Question

Two large, parallel conducting plates X and Y, kept close to each other, are given charges $Q_1$ and $Q_2(Q_1>Q_2)$. The four surfaces of the plates are A, B, C and D, as shown in figure.
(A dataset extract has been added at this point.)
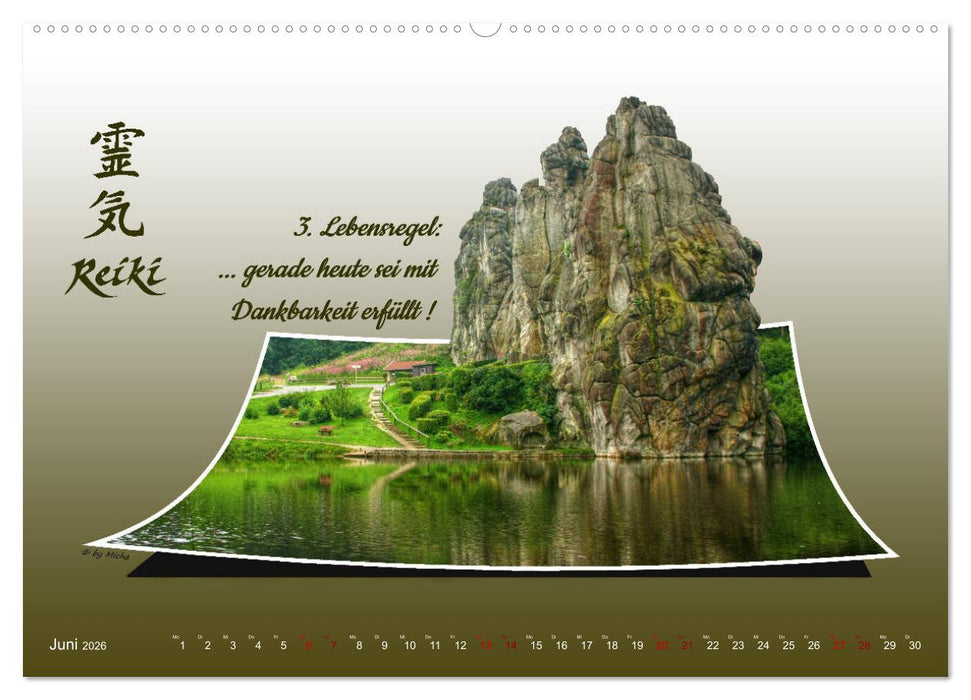 REIKI - Chakren und Lebensregeln (CALVENDO Wandkalender 2026)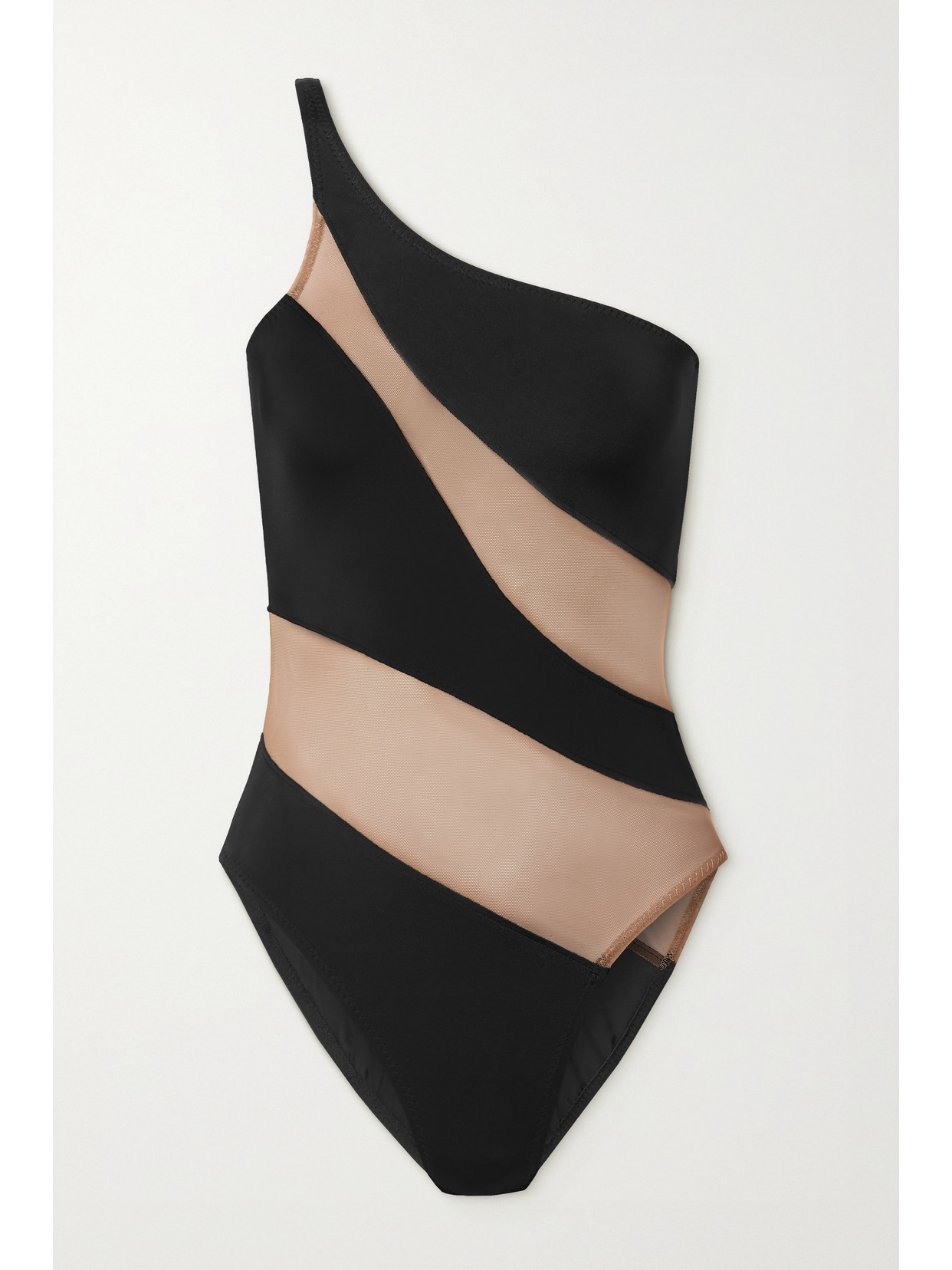 Norma Kamali Snake Mesh One-shoulder High-cut One-piece Swimsuit In Black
Then :

• A. The charge on B is $\frac{1}{2}(Q_1-Q_2)$.
• B. The charge on A is $\frac{1}{2}(Q_1+Q_2)$.
• C. The charge on C is -$\frac{1}{2}(Q_1-Q_2)$.
• D. The charge on D is $\frac{1}{2}(Q_1+Q_2)$

Answer 1

Answer: (A), (B), (C), (D)

Let charge for surface A $=Q_1-q$, for surface B $=q$, for surface C $=Q_2-q^{\prime }$ and for surface D $=q^{\prime }$.
As the field inside X plate is zero, $\frac{1}{2A{ϵ}_0}(Q_1-q-q-Q_2+q^{\prime }-q^{\prime })=0$
$-2q=Q_2-Q_1\Rightarrow q=\frac{1}{2}(Q_1-Q_2)$
similarly for Y plate, $\frac{1}{2A{ϵ}_0}(q^{\prime }-Q_2+q^{\prime }-q-Q_1+q)=0$
or $2q^{\prime }=Q_1+Q_2\Rightarrow q^{\prime }=\frac{1}{2}(Q_1+Q_2)$
Thus, charge on A is $Q_1-q=Q_1-\frac{1}{2}(Q_1-Q_2)=\frac{1}{2}(Q_1+Q_2)$.
charge on B is $q=\frac{1}{2}(Q_1-Q_2)$
charge on C is $Q_2-q^{\prime }=Q_2-\frac{1}{2}(Q_1+Q_2)=-\frac{1}{2}(Q_1-Q_2)$
Charge on D is $q^{\prime }=\frac{1}{2}(Q_1+Q_2)$